@Godstud
False. I showed you stats showing that Hate Speech is on a decline and provided a source
You showed stats, if you bothered looking at the stats references and cited in the article ( you didn't), you'd notice two things: First is that cyber hate crime part which around a third of these "crimes" are hate speech, not threats or incitement or harassment, but hate speech, and second, you'd notice that they also mention under reporting and why these stats are understated.
Now, why does this prove my point and shows that you're wrong?
First, it shows that these laws do exist, which you're arguing that they don't.
And second, it proves another point I made earlier which is that states are actively seeking to expand efforts to crack down on "hate speech", meaning this will get worse.
You're pussyfooting around your unsupported argument.
Ooh, my unsupported argument that even your own source proves.
How unsupported.
2500 Londoners over 5 years.
So about 500 per year, out of a population of 8 million people.
Wow. Definitely a real problem.
The percentage of the total population is irrelevant, as long as the scope of the laws are expanding and the various states promising to crack down and expand the effort, those numbers will keep getting larger.
You really don't see how flawed that numbers' logic is?
So if the state decided to hang 500 people every year for petty crimes, or no crimes at all, because a new law said it should; Would that be ok? I mean after all, 500 out of millions is nothing so it can't be a big problem right? is that the argument you really want to use?
Also, arrested do not mean convicted.
Ooh, so the argument now turns from police raids and logged cases doesn't mean arrests, to arrests doesn't mean convictions. Nice.
I guess a couple of more pages we'll arrive at the expected already hinted at the conclusion that yes there were arrests and yes, people were convicted but it's not a big number.
See, that's why I said authoritarianism; I've heard this exact type of apologies, excuses, and defenses, using the exact same patterns from Baathists, from Nasrallah's followers after Hezbollah's recent split, from clerics' supporters in Iran during the last election cycle, and on daily basis from Putin's supporters in Russia.

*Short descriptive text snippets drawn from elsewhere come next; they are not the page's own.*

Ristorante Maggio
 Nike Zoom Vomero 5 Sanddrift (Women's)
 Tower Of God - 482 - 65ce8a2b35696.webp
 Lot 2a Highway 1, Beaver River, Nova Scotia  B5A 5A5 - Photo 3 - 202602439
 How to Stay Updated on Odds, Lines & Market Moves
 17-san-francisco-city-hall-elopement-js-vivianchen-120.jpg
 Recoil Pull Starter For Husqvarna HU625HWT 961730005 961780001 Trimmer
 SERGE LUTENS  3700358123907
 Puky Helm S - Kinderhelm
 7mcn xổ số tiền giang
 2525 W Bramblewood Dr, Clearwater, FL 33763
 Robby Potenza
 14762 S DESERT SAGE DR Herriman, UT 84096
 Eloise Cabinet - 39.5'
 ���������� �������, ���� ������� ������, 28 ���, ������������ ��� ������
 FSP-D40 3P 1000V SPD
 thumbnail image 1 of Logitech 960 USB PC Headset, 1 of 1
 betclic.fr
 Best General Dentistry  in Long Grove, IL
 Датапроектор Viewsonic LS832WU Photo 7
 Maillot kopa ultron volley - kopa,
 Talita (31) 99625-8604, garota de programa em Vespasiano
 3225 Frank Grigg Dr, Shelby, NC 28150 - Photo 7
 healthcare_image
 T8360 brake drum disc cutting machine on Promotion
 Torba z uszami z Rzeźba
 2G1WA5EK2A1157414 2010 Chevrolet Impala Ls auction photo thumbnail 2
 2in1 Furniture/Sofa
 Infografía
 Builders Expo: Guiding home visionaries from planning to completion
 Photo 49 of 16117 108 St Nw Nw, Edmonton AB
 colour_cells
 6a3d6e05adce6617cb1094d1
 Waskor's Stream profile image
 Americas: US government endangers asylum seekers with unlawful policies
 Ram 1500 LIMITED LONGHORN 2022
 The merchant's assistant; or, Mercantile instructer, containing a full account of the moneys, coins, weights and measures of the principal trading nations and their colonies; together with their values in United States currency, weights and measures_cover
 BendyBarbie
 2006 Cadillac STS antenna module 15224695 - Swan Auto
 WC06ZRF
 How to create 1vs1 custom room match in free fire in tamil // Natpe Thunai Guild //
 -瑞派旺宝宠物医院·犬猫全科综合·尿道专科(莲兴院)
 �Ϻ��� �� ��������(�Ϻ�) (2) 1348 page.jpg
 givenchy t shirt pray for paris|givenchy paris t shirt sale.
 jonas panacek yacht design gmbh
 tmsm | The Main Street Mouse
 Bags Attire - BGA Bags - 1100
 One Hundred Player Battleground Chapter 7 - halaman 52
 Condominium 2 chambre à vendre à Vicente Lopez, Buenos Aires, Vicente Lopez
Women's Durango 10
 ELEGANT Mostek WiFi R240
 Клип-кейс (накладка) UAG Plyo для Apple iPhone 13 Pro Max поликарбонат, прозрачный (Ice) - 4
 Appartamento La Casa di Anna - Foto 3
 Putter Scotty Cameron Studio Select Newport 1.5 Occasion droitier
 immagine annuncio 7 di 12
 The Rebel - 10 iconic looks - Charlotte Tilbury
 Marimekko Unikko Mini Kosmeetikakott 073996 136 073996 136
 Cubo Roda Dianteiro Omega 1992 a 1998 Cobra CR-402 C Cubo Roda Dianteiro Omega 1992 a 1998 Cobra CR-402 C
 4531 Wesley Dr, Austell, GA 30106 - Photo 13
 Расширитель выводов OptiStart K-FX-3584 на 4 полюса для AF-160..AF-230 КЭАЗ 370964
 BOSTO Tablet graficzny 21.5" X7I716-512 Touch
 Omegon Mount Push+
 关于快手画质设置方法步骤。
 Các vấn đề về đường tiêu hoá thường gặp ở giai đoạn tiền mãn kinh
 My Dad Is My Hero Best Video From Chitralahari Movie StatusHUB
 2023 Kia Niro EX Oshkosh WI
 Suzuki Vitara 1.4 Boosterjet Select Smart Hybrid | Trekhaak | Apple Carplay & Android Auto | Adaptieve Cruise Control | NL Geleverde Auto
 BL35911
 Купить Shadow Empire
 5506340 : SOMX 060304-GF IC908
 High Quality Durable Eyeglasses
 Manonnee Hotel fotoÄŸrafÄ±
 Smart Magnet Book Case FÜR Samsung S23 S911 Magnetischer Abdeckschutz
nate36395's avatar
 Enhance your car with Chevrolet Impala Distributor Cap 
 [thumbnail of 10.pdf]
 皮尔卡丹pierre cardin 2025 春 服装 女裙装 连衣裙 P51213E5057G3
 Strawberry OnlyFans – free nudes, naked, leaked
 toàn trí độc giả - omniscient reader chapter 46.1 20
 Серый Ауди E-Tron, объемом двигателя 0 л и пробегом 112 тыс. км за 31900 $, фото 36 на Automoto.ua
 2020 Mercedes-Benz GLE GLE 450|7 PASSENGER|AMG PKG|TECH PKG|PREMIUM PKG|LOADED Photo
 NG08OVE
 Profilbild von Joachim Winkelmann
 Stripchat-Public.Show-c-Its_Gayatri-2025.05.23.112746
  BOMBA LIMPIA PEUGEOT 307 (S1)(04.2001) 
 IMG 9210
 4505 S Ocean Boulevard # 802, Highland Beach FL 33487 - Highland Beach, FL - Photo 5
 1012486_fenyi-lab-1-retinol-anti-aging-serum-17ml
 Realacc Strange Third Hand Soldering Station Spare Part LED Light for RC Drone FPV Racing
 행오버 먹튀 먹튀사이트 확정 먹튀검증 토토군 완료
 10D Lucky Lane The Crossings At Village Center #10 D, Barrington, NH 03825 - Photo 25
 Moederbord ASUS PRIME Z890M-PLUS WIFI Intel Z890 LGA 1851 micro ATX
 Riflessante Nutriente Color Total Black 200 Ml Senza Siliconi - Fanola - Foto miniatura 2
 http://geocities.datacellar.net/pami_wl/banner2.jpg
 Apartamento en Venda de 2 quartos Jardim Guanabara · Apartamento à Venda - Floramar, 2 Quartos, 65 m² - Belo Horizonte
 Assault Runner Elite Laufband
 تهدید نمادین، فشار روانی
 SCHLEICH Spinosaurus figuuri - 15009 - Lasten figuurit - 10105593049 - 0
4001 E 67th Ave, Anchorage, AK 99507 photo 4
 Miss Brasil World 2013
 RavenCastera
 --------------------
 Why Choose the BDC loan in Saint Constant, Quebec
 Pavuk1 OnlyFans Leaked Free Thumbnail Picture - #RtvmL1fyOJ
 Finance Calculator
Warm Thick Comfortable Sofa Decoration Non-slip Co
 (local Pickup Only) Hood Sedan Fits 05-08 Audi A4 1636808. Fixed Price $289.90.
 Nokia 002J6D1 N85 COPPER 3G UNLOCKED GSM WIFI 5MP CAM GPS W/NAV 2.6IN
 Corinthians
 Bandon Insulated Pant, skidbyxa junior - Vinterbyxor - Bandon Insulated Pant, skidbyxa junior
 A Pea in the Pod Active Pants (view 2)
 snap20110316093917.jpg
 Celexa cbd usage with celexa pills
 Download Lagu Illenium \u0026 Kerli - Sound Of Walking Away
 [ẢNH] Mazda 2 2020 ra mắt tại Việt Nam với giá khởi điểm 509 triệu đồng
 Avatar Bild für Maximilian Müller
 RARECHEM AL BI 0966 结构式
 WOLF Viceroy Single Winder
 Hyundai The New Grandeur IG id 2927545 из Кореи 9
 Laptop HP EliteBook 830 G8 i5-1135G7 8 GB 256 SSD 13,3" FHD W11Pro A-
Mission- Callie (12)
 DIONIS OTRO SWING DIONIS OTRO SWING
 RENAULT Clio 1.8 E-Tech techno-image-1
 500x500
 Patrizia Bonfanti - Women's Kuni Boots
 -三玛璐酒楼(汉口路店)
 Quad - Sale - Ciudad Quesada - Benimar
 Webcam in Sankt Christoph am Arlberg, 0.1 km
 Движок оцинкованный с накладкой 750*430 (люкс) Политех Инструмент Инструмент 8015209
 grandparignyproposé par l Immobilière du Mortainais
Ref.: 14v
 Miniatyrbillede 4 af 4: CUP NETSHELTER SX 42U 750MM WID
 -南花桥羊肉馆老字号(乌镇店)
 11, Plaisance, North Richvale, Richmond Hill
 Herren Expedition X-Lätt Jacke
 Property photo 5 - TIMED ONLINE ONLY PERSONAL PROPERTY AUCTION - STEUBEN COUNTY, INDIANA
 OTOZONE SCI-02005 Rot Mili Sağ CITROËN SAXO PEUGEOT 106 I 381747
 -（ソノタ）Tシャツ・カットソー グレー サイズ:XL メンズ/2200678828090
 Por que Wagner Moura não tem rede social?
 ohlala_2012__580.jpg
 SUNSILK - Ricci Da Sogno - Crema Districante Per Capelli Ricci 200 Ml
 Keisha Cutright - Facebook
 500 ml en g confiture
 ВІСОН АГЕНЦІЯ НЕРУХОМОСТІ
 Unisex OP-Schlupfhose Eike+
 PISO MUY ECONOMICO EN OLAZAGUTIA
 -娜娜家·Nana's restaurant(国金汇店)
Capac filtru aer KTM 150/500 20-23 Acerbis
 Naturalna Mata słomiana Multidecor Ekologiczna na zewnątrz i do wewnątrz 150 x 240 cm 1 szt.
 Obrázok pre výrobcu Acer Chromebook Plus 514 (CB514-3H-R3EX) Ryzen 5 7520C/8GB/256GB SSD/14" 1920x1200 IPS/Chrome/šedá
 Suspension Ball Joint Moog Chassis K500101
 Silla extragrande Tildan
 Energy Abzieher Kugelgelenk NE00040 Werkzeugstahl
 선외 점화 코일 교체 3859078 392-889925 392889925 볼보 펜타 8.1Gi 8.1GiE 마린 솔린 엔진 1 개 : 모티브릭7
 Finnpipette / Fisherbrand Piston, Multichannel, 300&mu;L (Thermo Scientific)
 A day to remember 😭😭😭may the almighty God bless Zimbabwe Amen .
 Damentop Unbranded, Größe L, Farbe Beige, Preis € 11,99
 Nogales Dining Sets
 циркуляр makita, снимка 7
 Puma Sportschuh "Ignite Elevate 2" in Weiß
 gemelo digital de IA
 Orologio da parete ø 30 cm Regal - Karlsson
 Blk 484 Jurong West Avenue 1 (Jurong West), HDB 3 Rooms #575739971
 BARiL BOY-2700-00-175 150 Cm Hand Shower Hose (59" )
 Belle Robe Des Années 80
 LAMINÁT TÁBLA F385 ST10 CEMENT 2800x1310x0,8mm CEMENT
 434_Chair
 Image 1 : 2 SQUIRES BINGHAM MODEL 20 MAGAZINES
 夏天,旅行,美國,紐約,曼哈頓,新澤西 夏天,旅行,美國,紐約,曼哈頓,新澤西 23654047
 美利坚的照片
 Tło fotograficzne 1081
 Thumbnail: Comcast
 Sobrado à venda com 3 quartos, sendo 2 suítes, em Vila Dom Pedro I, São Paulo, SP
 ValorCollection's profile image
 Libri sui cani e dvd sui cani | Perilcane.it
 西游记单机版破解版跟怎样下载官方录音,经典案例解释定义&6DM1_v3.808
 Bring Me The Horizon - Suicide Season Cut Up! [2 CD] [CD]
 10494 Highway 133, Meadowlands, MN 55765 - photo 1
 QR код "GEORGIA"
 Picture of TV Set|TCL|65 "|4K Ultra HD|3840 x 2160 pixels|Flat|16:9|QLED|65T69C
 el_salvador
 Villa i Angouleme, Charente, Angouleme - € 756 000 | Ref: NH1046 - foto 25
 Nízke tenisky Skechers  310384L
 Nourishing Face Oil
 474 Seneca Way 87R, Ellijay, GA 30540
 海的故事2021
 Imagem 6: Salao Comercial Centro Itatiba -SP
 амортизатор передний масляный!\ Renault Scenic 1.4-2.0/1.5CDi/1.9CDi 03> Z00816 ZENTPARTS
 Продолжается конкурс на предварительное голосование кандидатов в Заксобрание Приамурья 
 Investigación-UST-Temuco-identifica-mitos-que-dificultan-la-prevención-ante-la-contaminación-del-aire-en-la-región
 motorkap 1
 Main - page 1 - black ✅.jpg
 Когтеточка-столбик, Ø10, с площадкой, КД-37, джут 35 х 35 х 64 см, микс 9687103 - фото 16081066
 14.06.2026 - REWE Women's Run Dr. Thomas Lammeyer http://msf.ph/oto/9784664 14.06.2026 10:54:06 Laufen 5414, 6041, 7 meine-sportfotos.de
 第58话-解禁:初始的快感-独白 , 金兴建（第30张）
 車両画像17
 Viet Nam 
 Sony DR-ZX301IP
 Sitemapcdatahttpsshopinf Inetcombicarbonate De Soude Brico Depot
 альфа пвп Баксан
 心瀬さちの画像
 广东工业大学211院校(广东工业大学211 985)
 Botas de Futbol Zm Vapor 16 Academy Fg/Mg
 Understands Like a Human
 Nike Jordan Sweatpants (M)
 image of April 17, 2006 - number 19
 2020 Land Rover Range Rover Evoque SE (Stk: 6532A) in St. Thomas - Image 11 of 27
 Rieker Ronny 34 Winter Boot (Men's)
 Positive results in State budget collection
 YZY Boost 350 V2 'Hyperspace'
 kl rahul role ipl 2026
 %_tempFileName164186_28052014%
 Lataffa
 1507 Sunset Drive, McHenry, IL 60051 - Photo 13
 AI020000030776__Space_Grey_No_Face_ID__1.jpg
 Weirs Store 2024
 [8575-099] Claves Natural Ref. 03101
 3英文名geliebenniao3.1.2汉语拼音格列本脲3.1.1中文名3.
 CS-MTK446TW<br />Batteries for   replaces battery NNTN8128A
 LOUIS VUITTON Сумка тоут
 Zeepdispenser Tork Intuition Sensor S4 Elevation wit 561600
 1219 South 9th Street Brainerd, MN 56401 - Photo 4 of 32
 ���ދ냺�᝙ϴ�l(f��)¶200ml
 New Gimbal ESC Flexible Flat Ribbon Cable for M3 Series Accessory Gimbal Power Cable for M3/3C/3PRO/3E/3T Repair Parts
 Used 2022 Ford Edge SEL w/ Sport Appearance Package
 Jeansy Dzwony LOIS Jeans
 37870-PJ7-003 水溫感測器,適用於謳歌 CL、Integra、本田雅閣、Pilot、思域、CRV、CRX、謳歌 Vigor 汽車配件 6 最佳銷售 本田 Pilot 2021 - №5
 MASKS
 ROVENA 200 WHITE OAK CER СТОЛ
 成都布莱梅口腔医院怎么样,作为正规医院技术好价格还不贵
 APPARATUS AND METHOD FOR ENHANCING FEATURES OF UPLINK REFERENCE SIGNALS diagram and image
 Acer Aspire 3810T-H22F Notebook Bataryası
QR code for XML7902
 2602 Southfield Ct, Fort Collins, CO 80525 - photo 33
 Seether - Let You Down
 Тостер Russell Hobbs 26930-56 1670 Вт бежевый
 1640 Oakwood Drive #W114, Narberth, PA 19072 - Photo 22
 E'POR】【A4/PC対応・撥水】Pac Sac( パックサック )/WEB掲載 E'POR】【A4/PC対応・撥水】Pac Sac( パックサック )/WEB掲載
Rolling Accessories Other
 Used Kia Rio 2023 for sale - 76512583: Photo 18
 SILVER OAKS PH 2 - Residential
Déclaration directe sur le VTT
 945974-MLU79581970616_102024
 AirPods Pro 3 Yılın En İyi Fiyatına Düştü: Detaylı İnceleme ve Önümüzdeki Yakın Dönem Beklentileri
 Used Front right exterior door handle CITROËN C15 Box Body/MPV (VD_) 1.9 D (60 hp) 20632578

It always starts like this, it's just a few little stuff, minor restrictions on liberties, some censorship here and there, but never too big to make people too angry or worried, and it gradually grows until it gets out of control, and when people start having a problem with it, it's already too late. We've seen this happen in dozens of countries thus far, and many western countries are going down the exact same paths with different themes of the exact same policies and different themes of the exact same reasoning and apologetics.
Also, the article mentions that 857 people were detained, and the punishment for it is 6 months in prison or 5k pound fine. Noting that even if a case did not result in a conviction, just like the referenced case in the article, it would cost thousands of dollars (or pounds in this instance) for the person to hire a defense, which means that, at the very least, saying something that might in any way be deemed offensive by any group and being unlucky enough to be reported would costs you thousands of dollars, mostly money you wont have because of the current economic conditions all around, even if whatever you posted did not target anyone, did not call for anything, did not incite anything, rather simply an opinion or a joke.